İktidarın halka hitap ettiği zamanlarda kendini alkışlatmasına alışığım da hiçbir zoraki alkış, Başbakan'ın Erciş'teki konuşmasından sonra duyduğumkiler kadar dokunmamıştı insanlık onuruma. Bu hafta bir de Kamer Genç'in TBMM kürsüsünden hoyratça itilmesi çok rencide etti beni.

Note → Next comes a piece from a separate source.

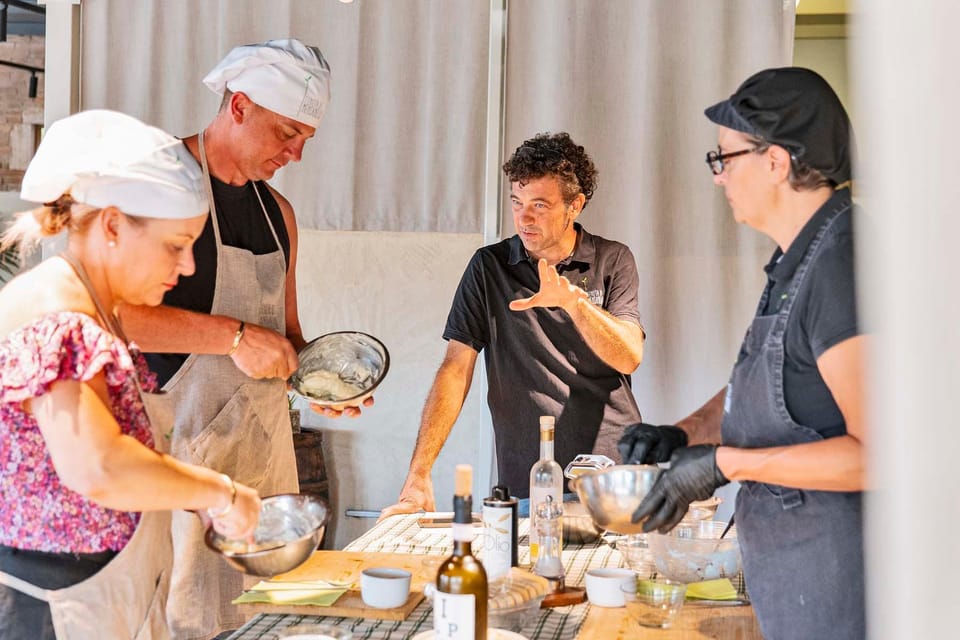 Tuscany: Pici Pasta Cooking Class With Farm Tour & Lunch - Good To Know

TÜBA'nın başına gelenler ise ayrı bir ibret hikayesi. TÜBA'nın eleştirilecek çok yanı olduğu kesin. Her şeyden önce bilim dünyasında sözü geçen, saygın bir akademi olmayı başaramadı onca zaman. Ama şimdi... Şimdi özerkliği gitti elden. Sadece Yürütme'nin atayacağı adaylar, tek başlarına karar almada gereken çoğunluğu oluşturabilecek bundan sonra. Ayrıca bu kadar kalabalık bilim akademisi olur muymuş? İstediğiniz kadar halkçı olun, bilim akademisi dünyanın her yerinde seçme, seçkin ve seçkinci olur.

Velhasıl enkaz çok memlekette. Van'ın "afet bölgesi" ilan edilmesi yetmeyecek. Türkiye'nin "afet ülkesi" ilan edilmesi gerekiyor.